What is needed
For the material below, output exactly the span from the line with "APIS Mystic Oud" to the line with "AK Türckheim, Place Turenne", including both, and nothing besides.

Source information
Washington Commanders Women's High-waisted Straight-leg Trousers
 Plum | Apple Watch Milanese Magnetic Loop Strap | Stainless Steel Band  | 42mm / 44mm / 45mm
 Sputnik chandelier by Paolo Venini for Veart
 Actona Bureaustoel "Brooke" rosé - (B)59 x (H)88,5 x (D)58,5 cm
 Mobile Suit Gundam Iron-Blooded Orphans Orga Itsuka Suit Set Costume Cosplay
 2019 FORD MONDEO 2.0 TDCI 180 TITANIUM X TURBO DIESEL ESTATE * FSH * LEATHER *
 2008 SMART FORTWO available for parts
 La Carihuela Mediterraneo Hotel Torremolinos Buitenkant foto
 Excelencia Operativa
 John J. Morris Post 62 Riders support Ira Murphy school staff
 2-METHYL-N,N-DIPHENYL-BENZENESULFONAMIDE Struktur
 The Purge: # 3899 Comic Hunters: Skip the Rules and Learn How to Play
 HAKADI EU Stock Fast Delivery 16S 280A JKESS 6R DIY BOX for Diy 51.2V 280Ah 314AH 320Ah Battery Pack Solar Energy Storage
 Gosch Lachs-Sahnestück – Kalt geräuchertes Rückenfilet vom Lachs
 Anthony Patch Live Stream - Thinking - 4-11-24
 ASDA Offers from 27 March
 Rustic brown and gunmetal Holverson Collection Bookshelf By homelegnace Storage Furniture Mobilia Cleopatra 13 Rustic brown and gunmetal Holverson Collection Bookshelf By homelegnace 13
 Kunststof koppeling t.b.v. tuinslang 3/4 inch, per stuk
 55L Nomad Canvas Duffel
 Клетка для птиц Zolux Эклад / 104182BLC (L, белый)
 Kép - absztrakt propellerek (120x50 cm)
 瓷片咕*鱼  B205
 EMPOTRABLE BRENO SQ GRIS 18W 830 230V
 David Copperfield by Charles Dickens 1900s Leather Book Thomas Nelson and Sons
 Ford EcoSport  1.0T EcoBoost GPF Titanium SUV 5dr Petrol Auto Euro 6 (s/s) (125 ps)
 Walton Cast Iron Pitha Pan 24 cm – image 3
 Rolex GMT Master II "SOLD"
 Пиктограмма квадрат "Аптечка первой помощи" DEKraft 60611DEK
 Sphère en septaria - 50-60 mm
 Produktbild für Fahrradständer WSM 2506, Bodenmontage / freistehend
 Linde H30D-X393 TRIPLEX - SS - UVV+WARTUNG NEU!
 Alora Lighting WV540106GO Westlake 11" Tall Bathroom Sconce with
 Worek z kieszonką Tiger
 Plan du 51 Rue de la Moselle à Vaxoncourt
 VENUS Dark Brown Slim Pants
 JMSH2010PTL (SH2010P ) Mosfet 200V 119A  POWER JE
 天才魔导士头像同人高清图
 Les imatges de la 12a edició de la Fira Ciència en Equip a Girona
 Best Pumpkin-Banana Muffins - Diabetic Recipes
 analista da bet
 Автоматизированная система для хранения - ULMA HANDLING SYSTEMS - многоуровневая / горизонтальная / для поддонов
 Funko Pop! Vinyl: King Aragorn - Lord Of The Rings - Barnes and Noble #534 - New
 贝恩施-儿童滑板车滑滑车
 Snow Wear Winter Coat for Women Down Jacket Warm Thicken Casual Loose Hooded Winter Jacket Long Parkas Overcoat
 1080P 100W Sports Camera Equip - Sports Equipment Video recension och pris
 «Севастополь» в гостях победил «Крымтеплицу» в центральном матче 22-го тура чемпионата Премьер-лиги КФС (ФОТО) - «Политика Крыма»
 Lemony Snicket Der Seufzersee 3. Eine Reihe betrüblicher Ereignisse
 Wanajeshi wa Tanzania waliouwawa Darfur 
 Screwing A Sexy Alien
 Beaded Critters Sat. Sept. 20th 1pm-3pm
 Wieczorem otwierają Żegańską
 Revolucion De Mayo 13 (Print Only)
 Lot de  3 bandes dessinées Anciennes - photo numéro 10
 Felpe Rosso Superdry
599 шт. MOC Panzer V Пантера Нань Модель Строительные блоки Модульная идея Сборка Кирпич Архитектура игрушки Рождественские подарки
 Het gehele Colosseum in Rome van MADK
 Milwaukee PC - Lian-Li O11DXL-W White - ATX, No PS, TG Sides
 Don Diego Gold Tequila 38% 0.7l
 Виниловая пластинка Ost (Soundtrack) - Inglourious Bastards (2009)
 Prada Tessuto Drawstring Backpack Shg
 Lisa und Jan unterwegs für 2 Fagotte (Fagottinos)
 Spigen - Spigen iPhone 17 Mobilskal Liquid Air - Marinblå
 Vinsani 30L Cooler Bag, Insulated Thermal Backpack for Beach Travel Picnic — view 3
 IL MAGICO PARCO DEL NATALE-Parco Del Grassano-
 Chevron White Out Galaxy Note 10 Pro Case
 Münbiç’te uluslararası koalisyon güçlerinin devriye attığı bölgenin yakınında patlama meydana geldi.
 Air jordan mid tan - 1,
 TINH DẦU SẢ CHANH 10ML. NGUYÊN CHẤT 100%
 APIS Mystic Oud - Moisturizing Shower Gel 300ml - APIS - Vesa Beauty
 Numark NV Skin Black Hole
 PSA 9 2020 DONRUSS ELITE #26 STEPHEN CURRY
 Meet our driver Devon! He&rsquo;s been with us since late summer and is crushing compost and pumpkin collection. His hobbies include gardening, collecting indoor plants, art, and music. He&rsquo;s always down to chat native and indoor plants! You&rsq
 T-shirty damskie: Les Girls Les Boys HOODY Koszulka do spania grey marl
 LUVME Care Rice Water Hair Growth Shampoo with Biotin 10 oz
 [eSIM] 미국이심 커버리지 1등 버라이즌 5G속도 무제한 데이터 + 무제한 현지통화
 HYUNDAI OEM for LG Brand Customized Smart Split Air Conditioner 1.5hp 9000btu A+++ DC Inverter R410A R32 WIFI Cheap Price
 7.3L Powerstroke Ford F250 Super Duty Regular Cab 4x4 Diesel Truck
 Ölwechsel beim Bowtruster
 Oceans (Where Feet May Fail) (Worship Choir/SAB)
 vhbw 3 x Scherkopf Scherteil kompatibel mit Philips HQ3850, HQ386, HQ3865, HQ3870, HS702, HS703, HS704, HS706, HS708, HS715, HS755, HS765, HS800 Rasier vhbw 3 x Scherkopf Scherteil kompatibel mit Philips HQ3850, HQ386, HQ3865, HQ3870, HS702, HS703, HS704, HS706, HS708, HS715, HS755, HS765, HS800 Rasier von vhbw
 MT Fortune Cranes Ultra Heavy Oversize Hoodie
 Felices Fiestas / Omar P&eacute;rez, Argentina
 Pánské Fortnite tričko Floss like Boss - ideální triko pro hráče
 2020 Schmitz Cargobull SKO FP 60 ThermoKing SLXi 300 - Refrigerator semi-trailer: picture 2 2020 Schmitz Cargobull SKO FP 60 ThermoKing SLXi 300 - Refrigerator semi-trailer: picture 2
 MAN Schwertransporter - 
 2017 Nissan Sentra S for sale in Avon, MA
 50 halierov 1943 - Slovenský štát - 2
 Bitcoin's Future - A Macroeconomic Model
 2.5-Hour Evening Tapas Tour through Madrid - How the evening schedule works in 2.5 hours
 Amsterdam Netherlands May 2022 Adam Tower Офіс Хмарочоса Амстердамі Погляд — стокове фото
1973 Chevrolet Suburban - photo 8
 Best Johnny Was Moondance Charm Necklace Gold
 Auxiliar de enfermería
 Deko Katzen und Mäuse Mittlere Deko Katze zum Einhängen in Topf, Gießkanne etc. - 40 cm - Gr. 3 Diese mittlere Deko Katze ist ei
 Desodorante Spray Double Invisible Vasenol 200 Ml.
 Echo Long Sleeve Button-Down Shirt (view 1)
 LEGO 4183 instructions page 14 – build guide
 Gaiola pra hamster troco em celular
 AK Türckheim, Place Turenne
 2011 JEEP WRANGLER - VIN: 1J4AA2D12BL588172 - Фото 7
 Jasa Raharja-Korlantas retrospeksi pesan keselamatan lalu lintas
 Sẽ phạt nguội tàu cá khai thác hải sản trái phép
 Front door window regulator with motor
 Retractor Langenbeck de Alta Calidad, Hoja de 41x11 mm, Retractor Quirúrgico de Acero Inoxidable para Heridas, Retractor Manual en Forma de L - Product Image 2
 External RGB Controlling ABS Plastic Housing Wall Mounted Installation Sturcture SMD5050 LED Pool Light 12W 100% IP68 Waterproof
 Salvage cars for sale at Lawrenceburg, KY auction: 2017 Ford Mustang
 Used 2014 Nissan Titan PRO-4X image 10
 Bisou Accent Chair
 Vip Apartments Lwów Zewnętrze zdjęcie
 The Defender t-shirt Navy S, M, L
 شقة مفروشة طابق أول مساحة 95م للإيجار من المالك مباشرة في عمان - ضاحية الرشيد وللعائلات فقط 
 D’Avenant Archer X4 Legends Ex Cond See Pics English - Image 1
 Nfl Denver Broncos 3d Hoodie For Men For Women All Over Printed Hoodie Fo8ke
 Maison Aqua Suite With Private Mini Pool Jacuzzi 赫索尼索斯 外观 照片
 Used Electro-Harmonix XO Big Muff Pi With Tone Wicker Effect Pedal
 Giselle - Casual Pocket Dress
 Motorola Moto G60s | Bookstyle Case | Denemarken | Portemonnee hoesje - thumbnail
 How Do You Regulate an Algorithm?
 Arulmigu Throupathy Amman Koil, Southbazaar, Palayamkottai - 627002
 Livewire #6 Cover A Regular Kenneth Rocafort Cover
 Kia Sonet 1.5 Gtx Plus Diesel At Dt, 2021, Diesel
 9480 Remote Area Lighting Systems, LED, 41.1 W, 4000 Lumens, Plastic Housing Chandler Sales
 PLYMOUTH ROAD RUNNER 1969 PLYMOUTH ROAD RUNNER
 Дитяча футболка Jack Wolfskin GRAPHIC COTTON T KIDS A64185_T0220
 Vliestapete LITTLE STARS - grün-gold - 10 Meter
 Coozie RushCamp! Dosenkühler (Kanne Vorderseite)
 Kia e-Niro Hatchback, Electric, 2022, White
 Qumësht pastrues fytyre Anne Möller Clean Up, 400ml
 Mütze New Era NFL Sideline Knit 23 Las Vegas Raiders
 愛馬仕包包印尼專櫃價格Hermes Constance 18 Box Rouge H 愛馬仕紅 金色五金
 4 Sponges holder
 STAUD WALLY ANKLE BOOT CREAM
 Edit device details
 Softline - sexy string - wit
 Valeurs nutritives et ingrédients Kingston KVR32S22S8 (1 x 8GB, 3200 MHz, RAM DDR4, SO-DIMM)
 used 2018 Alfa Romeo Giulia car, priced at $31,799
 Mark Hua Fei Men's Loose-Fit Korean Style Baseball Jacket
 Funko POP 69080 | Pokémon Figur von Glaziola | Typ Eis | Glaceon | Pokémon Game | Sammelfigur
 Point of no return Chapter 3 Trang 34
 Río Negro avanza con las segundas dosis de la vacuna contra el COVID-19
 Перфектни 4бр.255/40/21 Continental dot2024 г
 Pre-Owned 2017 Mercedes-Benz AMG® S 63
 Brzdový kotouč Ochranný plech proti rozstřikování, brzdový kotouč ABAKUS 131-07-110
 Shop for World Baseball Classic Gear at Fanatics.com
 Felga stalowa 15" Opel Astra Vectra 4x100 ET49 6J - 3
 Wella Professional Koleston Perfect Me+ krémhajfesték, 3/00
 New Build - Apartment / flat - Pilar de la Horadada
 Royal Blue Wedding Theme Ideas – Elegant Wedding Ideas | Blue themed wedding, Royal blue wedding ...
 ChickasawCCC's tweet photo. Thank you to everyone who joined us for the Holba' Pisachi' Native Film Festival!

Response to this task
 APIS Mystic Oud - Moisturizing Shower Gel 300ml - APIS - Vesa Beauty
 Numark NV Skin Black Hole
 PSA 9 2020 DONRUSS ELITE #26 STEPHEN CURRY
 Meet our driver Devon! He&rsquo;s been with us since late summer and is crushing compost and pumpkin collection. His hobbies include gardening, collecting indoor plants, art, and music. He&rsquo;s always down to chat native and indoor plants! You&rsq
 T-shirty damskie: Les Girls Les Boys HOODY Koszulka do spania grey marl
 LUVME Care Rice Water Hair Growth Shampoo with Biotin 10 oz
 [eSIM] 미국이심 커버리지 1등 버라이즌 5G속도 무제한 데이터 + 무제한 현지통화
 HYUNDAI OEM for LG Brand Customized Smart Split Air Conditioner 1.5hp 9000btu A+++ DC Inverter R410A R32 WIFI Cheap Price
 7.3L Powerstroke Ford F250 Super Duty Regular Cab 4x4 Diesel Truck
 Ölwechsel beim Bowtruster
 Oceans (Where Feet May Fail) (Worship Choir/SAB)
 vhbw 3 x Scherkopf Scherteil kompatibel mit Philips HQ3850, HQ386, HQ3865, HQ3870, HS702, HS703, HS704, HS706, HS708, HS715, HS755, HS765, HS800 Rasier vhbw 3 x Scherkopf Scherteil kompatibel mit Philips HQ3850, HQ386, HQ3865, HQ3870, HS702, HS703, HS704, HS706, HS708, HS715, HS755, HS765, HS800 Rasier von vhbw
 MT Fortune Cranes Ultra Heavy Oversize Hoodie
 Felices Fiestas / Omar P&eacute;rez, Argentina
 Pánské Fortnite tričko Floss like Boss - ideální triko pro hráče
 2020 Schmitz Cargobull SKO FP 60 ThermoKing SLXi 300 - Refrigerator semi-trailer: picture 2 2020 Schmitz Cargobull SKO FP 60 ThermoKing SLXi 300 - Refrigerator semi-trailer: picture 2
 MAN Schwertransporter - 
 2017 Nissan Sentra S for sale in Avon, MA
 50 halierov 1943 - Slovenský štát - 2
 Bitcoin's Future - A Macroeconomic Model
 2.5-Hour Evening Tapas Tour through Madrid - How the evening schedule works in 2.5 hours
 Amsterdam Netherlands May 2022 Adam Tower Офіс Хмарочоса Амстердамі Погляд — стокове фото
1973 Chevrolet Suburban - photo 8
 Best Johnny Was Moondance Charm Necklace Gold
 Auxiliar de enfermería
 Deko Katzen und Mäuse Mittlere Deko Katze zum Einhängen in Topf, Gießkanne etc. - 40 cm - Gr. 3 Diese mittlere Deko Katze ist ei
 Desodorante Spray Double Invisible Vasenol 200 Ml.
 Echo Long Sleeve Button-Down Shirt (view 1)
 LEGO 4183 instructions page 14 – build guide
 Gaiola pra hamster troco em celular
 AK Türckheim, Place Turenne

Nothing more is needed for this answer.